Nathan approached his many woodworking and workshop projects with zeal and creativity, and he always had many on the go. During the winter he was an avid curler, and in recent years he also enjoyed the study of Yiddish. Nathan never wasted any time and lived his life to the fullest.
Above all, Nathan was a loving husband, father, grandfather, son, father-in-law, son-in-law, uncle, brother, brother-in-law, cousin, and granduncle. He loved his family and lived for them, and this love was reciprocated. He met his wife Eva when he was a 20-year-old medical student, and she was 18 years old. They were happily married for 56 years. They loved each other deeply and limitlessly and were proud of each other’s accomplishments. He loved the life and the family they created together. Nathan was truly the family patriarch, an inspiration and a mentor to his children, grandchildren, nephews, nieces, and many others. He shared his passion for surgery and collecting with his son and was very proud to join his daughter’s medical practice (he loved Thursdays). His six grandchildren were his pride and joy and the centre of his world.

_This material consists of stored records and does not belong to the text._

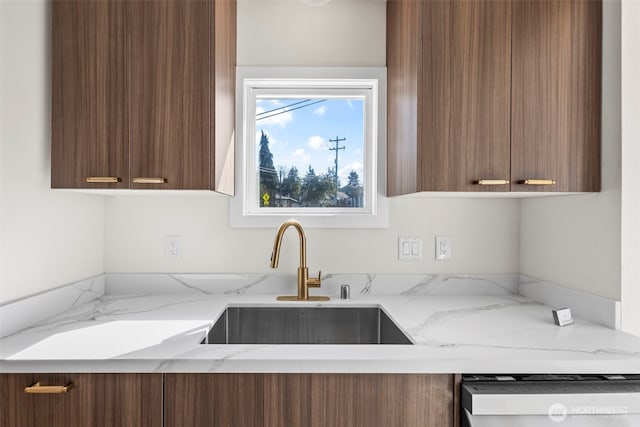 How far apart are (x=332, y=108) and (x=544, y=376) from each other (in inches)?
58.5

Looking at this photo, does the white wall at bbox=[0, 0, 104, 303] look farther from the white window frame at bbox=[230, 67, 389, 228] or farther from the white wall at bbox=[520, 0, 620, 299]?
the white wall at bbox=[520, 0, 620, 299]

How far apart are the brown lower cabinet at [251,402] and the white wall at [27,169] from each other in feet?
1.53

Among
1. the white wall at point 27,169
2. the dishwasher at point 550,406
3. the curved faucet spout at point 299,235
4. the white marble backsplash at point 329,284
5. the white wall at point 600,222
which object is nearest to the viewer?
the dishwasher at point 550,406

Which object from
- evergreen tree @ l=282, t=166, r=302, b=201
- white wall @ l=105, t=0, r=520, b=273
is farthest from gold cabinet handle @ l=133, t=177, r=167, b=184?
evergreen tree @ l=282, t=166, r=302, b=201

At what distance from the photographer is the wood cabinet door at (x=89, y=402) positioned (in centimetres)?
113

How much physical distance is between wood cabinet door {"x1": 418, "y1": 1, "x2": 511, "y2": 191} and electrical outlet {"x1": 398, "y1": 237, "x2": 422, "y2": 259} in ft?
1.77

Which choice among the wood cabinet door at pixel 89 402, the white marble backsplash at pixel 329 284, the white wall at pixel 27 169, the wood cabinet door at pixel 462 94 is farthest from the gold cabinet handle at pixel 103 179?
the wood cabinet door at pixel 462 94

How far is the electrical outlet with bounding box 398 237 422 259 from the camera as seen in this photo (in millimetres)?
1989

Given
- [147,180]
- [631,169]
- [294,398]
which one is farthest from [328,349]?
[631,169]

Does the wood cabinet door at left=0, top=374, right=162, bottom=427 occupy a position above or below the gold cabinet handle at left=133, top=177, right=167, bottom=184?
below

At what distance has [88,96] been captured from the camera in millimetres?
1500

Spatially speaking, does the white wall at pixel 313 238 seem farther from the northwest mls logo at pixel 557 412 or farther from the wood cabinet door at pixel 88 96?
the northwest mls logo at pixel 557 412

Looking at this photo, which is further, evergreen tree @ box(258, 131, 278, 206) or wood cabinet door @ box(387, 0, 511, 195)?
evergreen tree @ box(258, 131, 278, 206)

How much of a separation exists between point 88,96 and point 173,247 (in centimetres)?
76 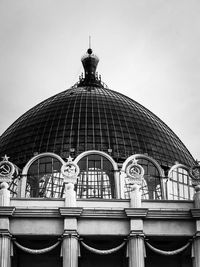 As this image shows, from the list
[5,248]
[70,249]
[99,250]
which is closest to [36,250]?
[5,248]

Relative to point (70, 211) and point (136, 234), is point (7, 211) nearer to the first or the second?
point (70, 211)

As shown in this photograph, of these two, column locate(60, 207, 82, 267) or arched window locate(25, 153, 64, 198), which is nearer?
column locate(60, 207, 82, 267)

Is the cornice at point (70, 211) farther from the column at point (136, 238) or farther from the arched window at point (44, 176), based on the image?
the arched window at point (44, 176)

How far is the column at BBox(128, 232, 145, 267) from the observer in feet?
183

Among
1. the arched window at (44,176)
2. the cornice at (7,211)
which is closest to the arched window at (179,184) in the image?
the arched window at (44,176)

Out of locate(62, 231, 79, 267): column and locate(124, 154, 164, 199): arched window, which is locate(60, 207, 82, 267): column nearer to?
locate(62, 231, 79, 267): column

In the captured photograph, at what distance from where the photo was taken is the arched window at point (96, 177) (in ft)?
220

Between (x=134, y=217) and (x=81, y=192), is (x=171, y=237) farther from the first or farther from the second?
(x=81, y=192)

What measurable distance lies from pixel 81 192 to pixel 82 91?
16776mm

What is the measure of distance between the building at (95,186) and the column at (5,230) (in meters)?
0.07

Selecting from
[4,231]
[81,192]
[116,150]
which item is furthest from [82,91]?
[4,231]

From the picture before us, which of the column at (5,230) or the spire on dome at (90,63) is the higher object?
the spire on dome at (90,63)

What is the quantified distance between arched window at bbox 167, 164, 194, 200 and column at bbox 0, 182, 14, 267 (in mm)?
16750

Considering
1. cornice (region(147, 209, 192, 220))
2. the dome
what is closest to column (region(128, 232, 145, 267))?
cornice (region(147, 209, 192, 220))
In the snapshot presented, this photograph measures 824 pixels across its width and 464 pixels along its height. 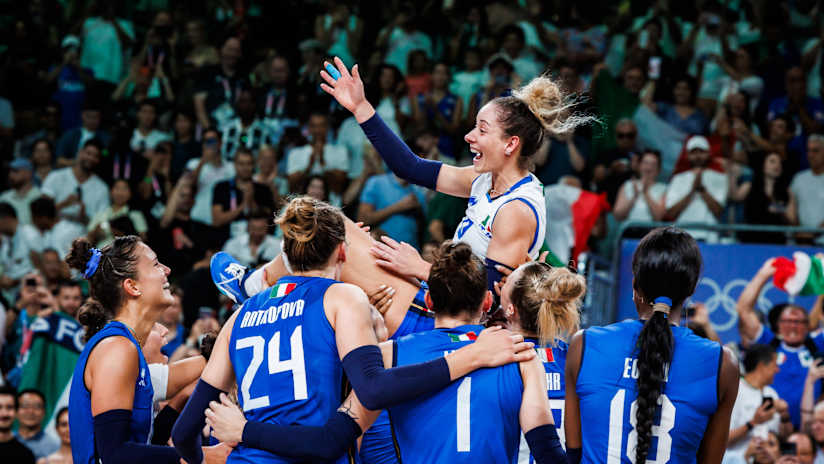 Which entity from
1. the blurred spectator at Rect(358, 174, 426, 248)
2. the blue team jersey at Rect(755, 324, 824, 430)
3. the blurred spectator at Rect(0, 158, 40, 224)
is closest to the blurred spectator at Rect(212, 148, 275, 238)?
the blurred spectator at Rect(358, 174, 426, 248)

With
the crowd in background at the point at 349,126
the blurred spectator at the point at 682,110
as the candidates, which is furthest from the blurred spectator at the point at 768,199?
the blurred spectator at the point at 682,110

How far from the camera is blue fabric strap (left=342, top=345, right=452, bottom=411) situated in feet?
11.1

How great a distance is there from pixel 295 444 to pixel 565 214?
545cm

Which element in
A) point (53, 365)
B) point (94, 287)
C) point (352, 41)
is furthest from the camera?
point (352, 41)

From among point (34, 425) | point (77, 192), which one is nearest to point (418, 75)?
point (77, 192)

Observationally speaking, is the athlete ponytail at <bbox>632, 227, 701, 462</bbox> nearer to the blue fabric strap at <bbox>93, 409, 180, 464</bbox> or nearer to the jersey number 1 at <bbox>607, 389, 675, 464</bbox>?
the jersey number 1 at <bbox>607, 389, 675, 464</bbox>

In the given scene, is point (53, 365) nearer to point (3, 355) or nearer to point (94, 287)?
point (3, 355)

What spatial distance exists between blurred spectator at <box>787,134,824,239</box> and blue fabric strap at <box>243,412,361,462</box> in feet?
22.1

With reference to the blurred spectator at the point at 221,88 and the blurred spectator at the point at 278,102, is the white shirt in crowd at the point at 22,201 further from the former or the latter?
the blurred spectator at the point at 278,102

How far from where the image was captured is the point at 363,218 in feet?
31.1

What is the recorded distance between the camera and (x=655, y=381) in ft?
11.1

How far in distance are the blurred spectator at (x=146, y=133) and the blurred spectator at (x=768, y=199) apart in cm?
636

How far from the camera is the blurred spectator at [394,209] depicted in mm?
9453

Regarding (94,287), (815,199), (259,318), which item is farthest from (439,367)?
(815,199) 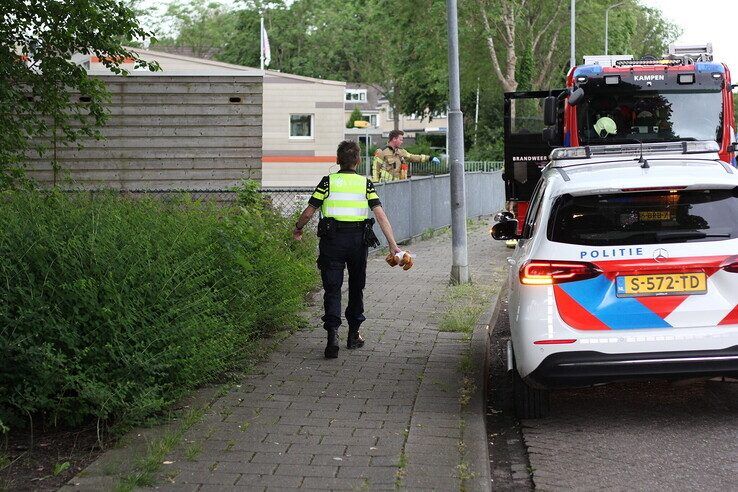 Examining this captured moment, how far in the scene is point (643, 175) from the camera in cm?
707

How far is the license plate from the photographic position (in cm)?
670

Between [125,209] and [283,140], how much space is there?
33768 mm

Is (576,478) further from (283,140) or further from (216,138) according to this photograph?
(283,140)

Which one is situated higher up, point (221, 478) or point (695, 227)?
point (695, 227)

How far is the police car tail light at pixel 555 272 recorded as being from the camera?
266 inches

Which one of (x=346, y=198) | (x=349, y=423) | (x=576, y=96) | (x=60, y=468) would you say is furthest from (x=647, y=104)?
(x=60, y=468)

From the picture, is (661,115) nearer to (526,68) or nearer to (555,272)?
(555,272)

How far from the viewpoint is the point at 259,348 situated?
30.2 ft

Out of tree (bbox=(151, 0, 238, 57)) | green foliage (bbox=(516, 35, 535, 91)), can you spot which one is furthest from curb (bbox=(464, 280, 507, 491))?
tree (bbox=(151, 0, 238, 57))

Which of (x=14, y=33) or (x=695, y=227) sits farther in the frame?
(x=14, y=33)

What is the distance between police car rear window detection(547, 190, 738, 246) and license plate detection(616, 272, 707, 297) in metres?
0.22

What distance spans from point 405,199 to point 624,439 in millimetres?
12723

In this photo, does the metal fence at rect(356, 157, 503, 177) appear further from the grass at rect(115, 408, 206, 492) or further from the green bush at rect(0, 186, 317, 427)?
the grass at rect(115, 408, 206, 492)

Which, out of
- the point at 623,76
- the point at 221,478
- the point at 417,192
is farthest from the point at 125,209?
the point at 417,192
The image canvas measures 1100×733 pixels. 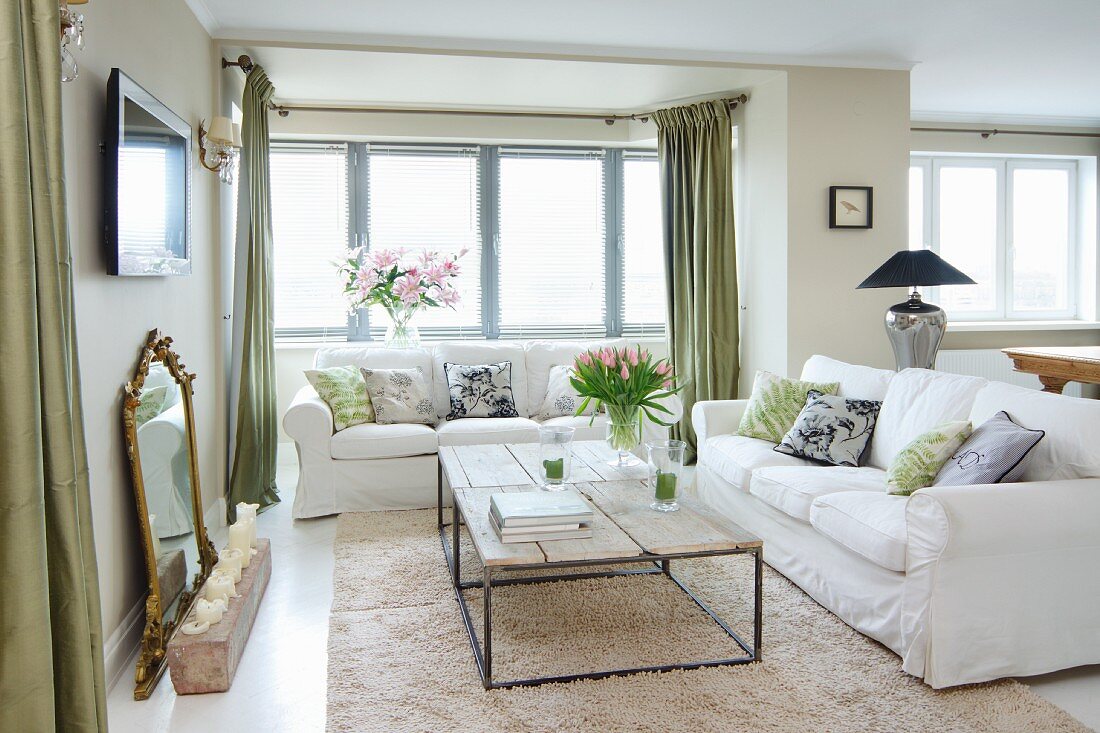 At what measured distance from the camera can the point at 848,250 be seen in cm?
517

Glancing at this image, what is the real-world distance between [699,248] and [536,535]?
11.7 ft

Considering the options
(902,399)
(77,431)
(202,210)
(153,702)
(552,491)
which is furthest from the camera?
(202,210)

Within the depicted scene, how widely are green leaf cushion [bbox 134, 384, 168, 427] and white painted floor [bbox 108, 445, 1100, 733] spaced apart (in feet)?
2.69

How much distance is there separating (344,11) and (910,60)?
330 cm

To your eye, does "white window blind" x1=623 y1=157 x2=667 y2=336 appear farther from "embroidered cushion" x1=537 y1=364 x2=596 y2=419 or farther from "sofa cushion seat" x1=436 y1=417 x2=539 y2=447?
"sofa cushion seat" x1=436 y1=417 x2=539 y2=447

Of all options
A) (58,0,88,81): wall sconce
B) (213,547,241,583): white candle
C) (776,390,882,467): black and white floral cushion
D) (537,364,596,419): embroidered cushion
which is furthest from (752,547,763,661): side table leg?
(537,364,596,419): embroidered cushion

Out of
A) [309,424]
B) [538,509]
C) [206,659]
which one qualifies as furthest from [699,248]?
[206,659]

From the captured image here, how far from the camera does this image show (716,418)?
4.35 metres

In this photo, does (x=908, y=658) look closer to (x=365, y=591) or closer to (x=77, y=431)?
(x=365, y=591)

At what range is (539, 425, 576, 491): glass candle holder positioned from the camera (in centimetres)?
312

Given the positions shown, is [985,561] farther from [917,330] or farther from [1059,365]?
[1059,365]

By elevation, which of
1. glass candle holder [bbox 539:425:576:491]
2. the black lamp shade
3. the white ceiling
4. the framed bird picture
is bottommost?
glass candle holder [bbox 539:425:576:491]

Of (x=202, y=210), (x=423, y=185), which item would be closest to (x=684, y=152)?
(x=423, y=185)

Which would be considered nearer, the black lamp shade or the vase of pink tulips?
the vase of pink tulips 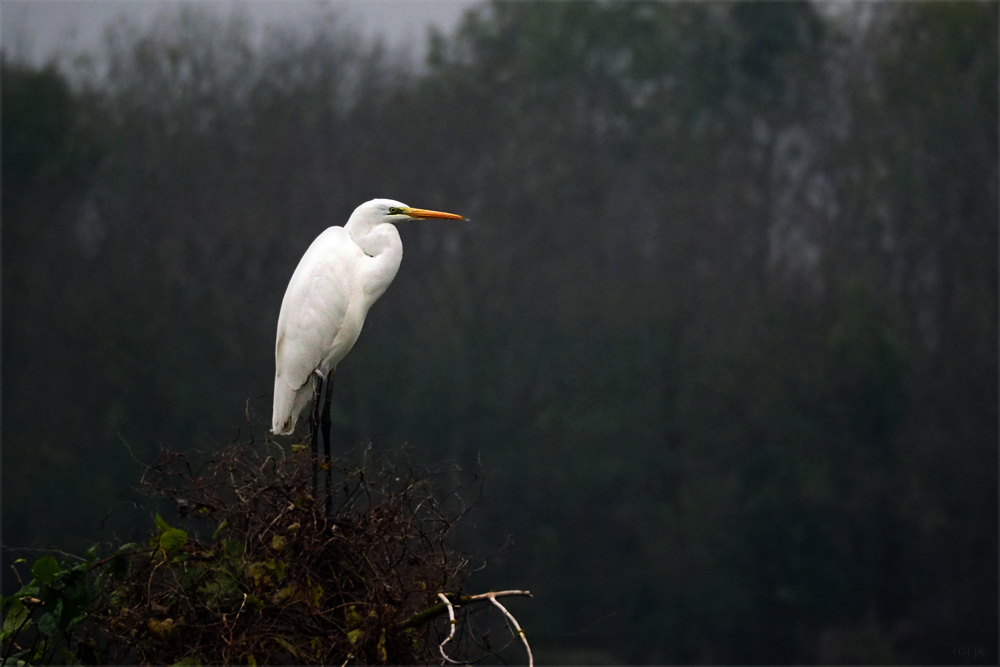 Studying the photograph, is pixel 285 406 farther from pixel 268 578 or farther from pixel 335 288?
pixel 268 578

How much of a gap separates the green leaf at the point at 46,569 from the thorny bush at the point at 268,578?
0.05 m

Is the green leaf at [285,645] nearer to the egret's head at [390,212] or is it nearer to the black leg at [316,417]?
the black leg at [316,417]

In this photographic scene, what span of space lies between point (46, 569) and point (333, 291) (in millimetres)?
1040

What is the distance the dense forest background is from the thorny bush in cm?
747

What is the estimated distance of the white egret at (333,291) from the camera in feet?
9.17

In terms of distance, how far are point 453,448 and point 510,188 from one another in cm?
310

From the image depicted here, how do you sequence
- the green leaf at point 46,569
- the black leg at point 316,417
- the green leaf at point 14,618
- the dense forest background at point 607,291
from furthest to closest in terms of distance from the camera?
1. the dense forest background at point 607,291
2. the black leg at point 316,417
3. the green leaf at point 14,618
4. the green leaf at point 46,569

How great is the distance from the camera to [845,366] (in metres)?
10.8

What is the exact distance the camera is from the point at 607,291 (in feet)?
39.5

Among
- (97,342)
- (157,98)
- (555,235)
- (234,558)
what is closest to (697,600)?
(555,235)

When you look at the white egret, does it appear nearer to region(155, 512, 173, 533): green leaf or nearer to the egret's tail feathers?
the egret's tail feathers

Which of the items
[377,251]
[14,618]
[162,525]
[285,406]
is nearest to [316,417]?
[285,406]

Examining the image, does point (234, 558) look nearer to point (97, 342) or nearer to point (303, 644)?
point (303, 644)

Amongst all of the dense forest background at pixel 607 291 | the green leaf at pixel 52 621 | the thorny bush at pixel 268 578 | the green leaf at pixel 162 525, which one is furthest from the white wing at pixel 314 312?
the dense forest background at pixel 607 291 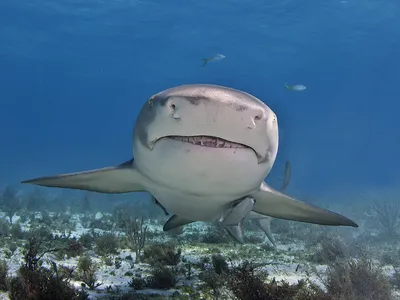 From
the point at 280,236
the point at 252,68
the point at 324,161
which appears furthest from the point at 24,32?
the point at 324,161

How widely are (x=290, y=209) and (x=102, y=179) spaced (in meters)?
3.10

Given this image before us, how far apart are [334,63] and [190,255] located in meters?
54.1

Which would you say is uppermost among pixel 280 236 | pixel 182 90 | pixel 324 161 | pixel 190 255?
pixel 182 90

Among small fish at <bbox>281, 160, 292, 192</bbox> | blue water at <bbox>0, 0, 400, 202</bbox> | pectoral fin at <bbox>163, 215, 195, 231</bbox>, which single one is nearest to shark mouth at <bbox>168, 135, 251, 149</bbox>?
pectoral fin at <bbox>163, 215, 195, 231</bbox>

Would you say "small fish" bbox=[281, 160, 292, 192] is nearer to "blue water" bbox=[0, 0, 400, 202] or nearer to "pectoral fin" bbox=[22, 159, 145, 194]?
"pectoral fin" bbox=[22, 159, 145, 194]

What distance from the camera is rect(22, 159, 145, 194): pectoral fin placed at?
5.08 metres

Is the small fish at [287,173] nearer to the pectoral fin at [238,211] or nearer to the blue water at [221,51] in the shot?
the pectoral fin at [238,211]

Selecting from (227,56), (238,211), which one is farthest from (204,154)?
(227,56)

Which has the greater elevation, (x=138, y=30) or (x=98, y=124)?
(x=138, y=30)

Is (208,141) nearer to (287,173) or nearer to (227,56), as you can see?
(287,173)

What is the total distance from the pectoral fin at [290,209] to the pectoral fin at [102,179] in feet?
6.11

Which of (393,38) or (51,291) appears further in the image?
(393,38)

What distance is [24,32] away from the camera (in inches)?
1658

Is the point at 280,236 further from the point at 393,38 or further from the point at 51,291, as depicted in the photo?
the point at 393,38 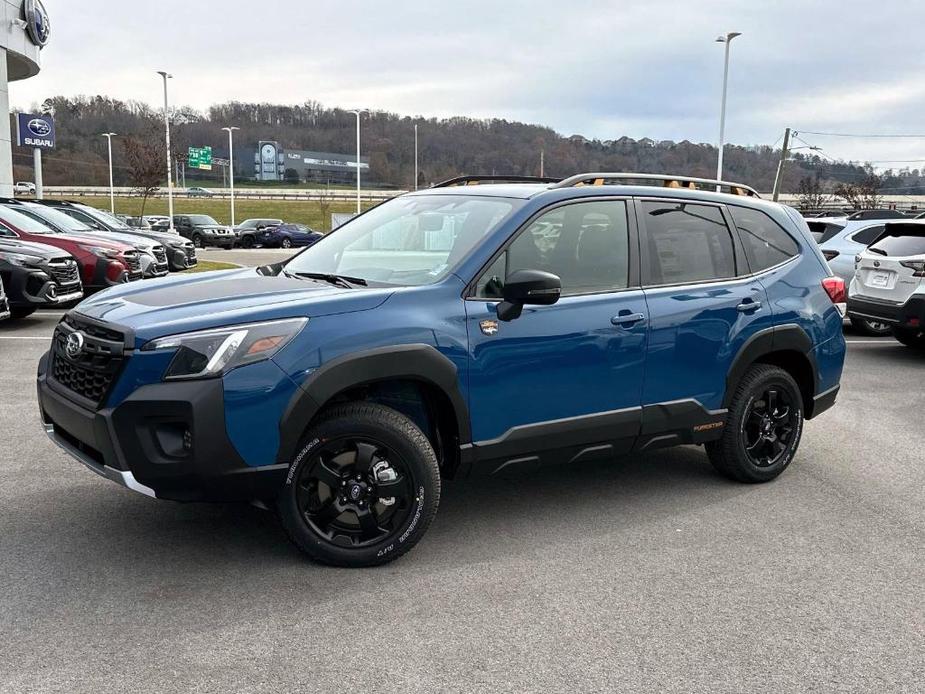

Throughout his life Nathan lived up to the credo “May his memory be a blessing.” His life was a blessing for the countless newborns, infants, toddlers, children, and teenagers who he cared for, for his colleagues, for his friends and especially for his family. We love him so much and there are no words to describe how much he will be missed.
A graveside funeral was held at the Shaarey Zedek cemetery on December 15, 2023. Pallbearers were his loving grandchildren. The family would like to extend their gratitude to Rabbi Yosef Benarroch of Adas Yeshurun Herzlia Congregation.
In lieu of flowers, donations can be made to the Children’s Hospital Foundation of Manitoba, in the name of Dr. Nathan Wiseman.